The deal marks Formula 1’s first commercial collaboration with a major digital and mobile-first platform, and will officially kick off this Sunday, with exclusive content from the British Grand Prix at Silverstone through Snapchat’s 'Our Stories'.
Our Stories - one of three types of content on Snapchat’s Discover platform - are compilations of videos and pictures submitted from users at events and locations around the world, which are then curated by teams of editors and producers at Snapchat.
The partnership will continue at the Formula 1 races this season in Singapore, Japan, USA, Mexico, Brazil and Abu Dhabi.
Ironically at last year's Japanese Grand Prix, prominent British driver Lewis Hamilton was widely criticised throughout the sport for using Snapchat in a pre-race press conference.
Frank Arthofer, Formula 1's head of digital and new business, who joined from the Boston Consulting Group in late May, said today: "Right from the start, we have said we want to work with partners to bring fans closer to the amazing show that is Formula 1, an incredible mix of technology and individual talent - and Snap fits that bill.
"We need to continue to bring new fans to the sport - by reaching out to them on social media platforms with behind the scenes, fun and engaging content.

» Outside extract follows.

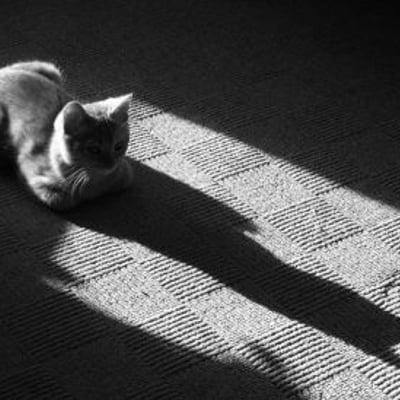 半夜的寂寞时刻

Snap’s platform is one of the most popular among ‘millennials,’ a sector we are particularly keen on attracting, as it represents the future of our sport."
Ben Schwerin, vice-president of partnerships for Snap Inc. added: "We want to work with the most iconic sporting organisations in the world, that are beloved by our global community of passionate and highly engaged fans - and working with Formula 1 has been at the top of our wish list for a long time.

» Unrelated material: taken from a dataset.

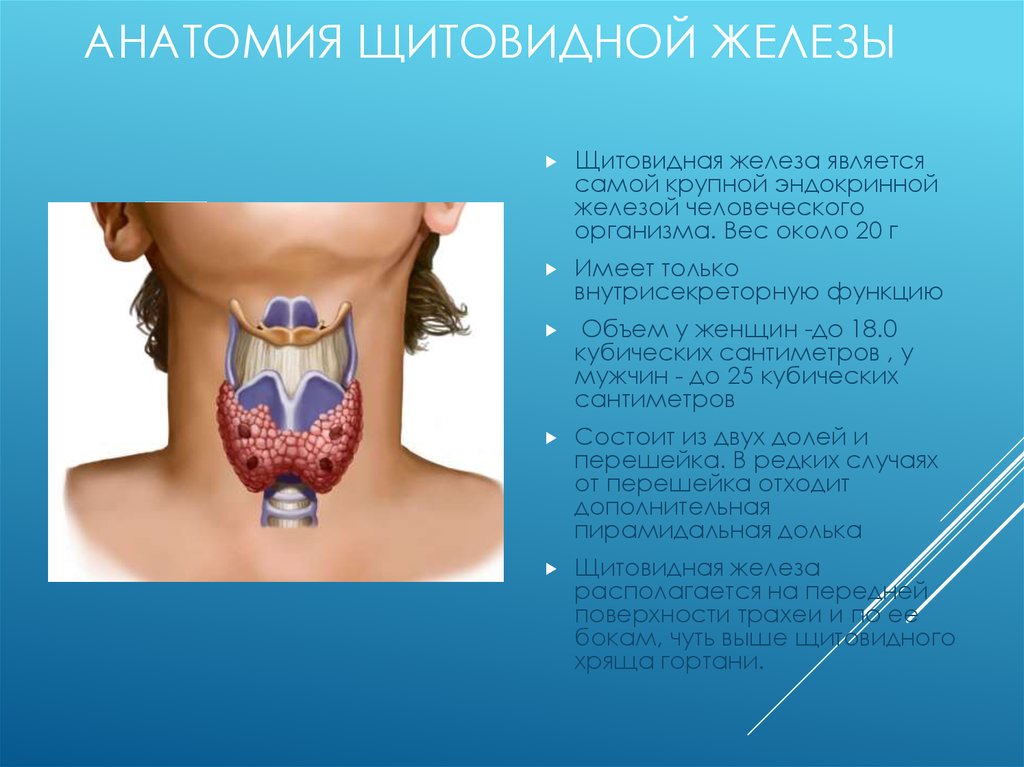 Щитовидная железа на картинке где находится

"Our goal is simple - we want to make being a fan more fun no matter where you are and Snapchat offers unique and creative ways to experience it with their closest friends. We are honoured to be the first platform they are partnering with, and are excited to start offer their teams, partners and advertisers an opportunity to reach millions of Snapchatters around the globe."
Since completing its $8-billion takeover of Formula 1 in January, Liberty Media has been quick to take steps to revamp the sport, with an over-the-top platform, likely to be a combination of a subscription and free-to-view service, in the pipeline.
While erstwhile promoter Bernie Ecclestone was widely credited for turning the sport into a multi-billion-dollar business, which still attracts huge television audiences, high-profile car manufacturers and sponsors and countries eager to stage grands prix, he was increasingly regarded as out of touch, at a time when Formula 1 has to compete for attention with other sports and entertainment products.
Chase Carey, now chairman and chief executive of Formula 1, wants grands prix to evolve into week-long festivals, with complementary entertainment, to attract new fans, and his vision could be detected in yesterday's 'F1 Live London' event at the city's Trafalgar Square, which featured live music and demonstrations by the drivers, albeit with three-times world champion Hamilton a notable absentee, ahead of this weekend's British Grand Prix.
The future of the Silverstone race is in doubt after the British Racing Drivers' Club, which owns the circuit, this week invoked a break clause in its hosting contract, meaning that it it can pull out after the 2019 event if it is unable to agree a more financially attractive deal with Liberty.
The situation, together with yesterday's event, has renewed talk of the grand prix moving to a street circuit in London.
The city's mayor Sadiq Khan told BBC London Sport: "If F1 want to speak to me I am keen to listen. My ambition is for London to carry on being the sporting capital of the world. There are some hurdles to overcome, but I am certainly interested in the future in having F1 in London."
Silverstone hosted the first British Grand Prix in 1950, and has been the permanent home of the event since 1987, but it has become a financial burden for the BRDC, which lost £2.8 million ($3.6 million) in 2015 and £4.8 million in 2016.